Después de aquellos fracasos, Izu decidió olvidar un futuro matrimonio y
dedicarse con mayor disciplina a sus estudios. Cursaba Teoría del Arte en una
de las universidades más importantes de la ciudad y su meta era convertirse en
una crítica destacada. Precisamente conoció al señor Murakami durante la
realización de un trabajo. El señor Murakami tenía en casa una colección de
piezas tradicionales. El conjunto no era muy extenso pero contaba con un gran
prestigio. Muchos objetos databan de diez siglos. Sus amigos, aquellos con
quienes se reunía a cenar una vez por semana, fueron los responsables de
bautizar esa parte de la casa como el Museo Murakami. Él había heredado la
mayor parte de las piezas de su padre, quien el siglo anterior se había enriquecido
gracias al comercio con el extranjero. Sus aficiones no habían abarcado sólo
los negocios, sino que mostraba predilección, desde muy joven, por diversas
manifestaciones artísticas. Siempre encontró tiempo para asistir a las
representaciones kabuki4 o para pasar días enteros en los museos
y en las casas de anticuarios.

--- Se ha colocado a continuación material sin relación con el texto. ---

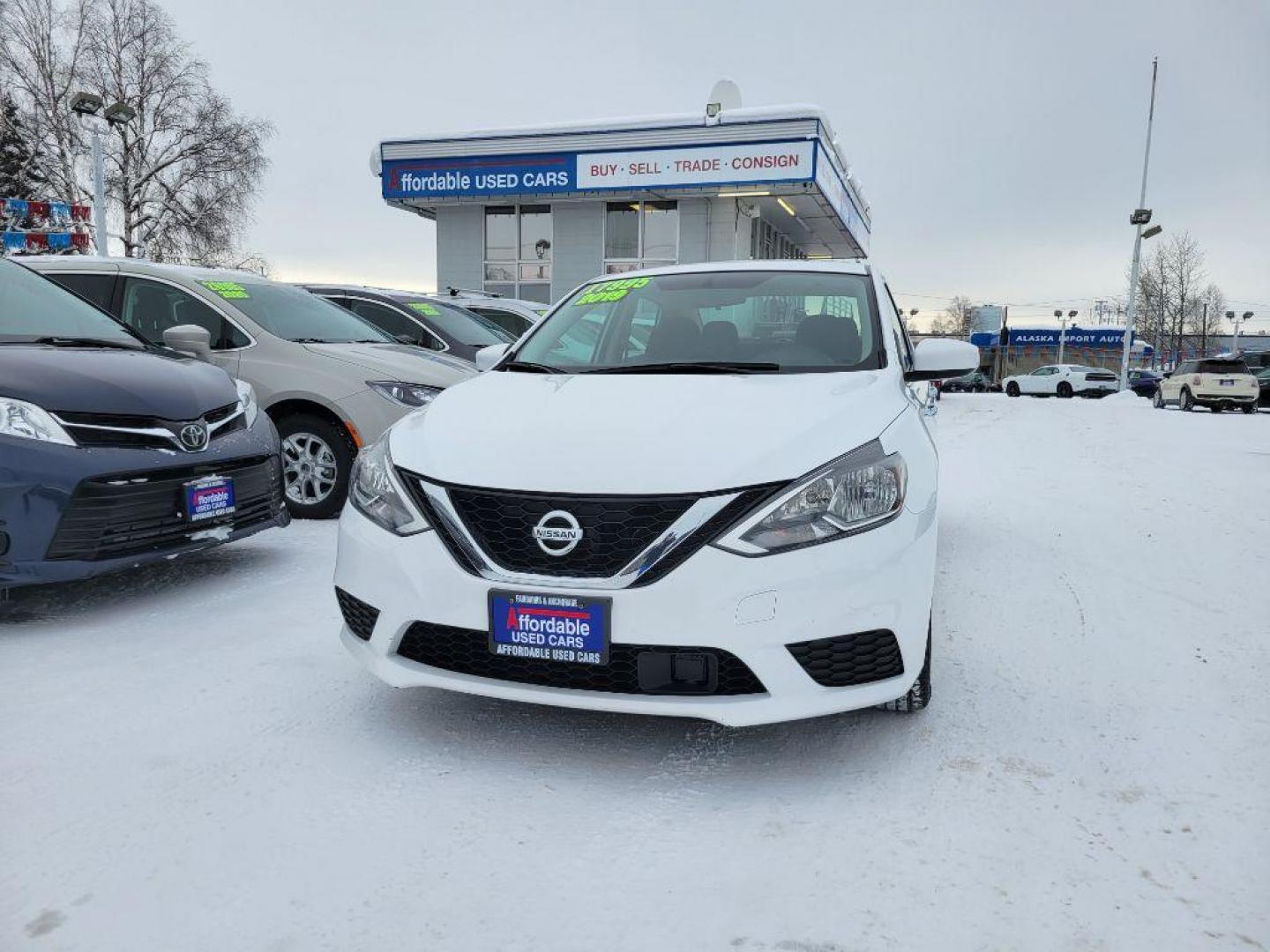 2019 WHITE NISSAN SENTRA S (3N1AB7AP6KY) with an 1.8L engine, Continuously Variable transmission, located at 929 East 8th Ave, Anchorage, AK, 99501, (907) 274-2277, 61.214783, -149.866074 - Photo#0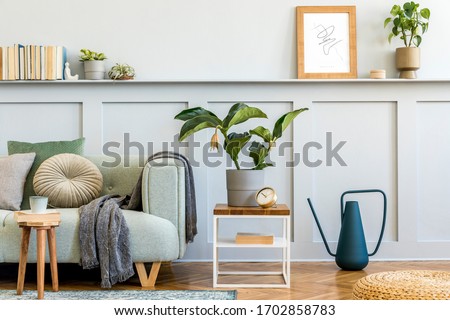 Minimalistic composition of living room with design sofa, coffe table, plant, books, decoration, pillows, plaid, carpet, wood paneling and elegant persoanl accessories in stylish home decor.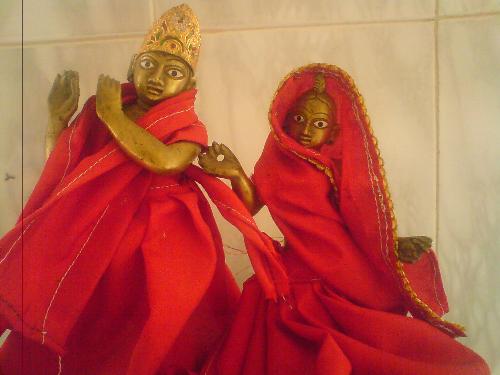 God - These are the God and Godess i have in my prayer room.They are made of eight metals.Krisna and his beloved Radha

No había estudiado arte, pero parecía contar con
un don que le hacía reconocer al instante una obra valiosa. Aquellas aptitudes
hicieron que en pocos años comenzara a hablarse de su colección entre los
especialistas. Aquel comerciante le inculcó a su hijo la pasión que le producía
atesorar un patrimonio. A su muerte, le dejó como legado la casa y todo lo que
hubiera dentro. Antes de que el padre muriera, el hijo había prometido incrementar
la colección hasta convertirla en la más importante del país. Sin embargo, no
pudo cumplir su palabra. Todo fue bien mientras duró su primer matrimonio, con
la honorable y enfermiza Shohatsu-Tei, y aun durante los años de viudez. Pero
desde el día en que conoció a Izu, nada volvió a ser igual.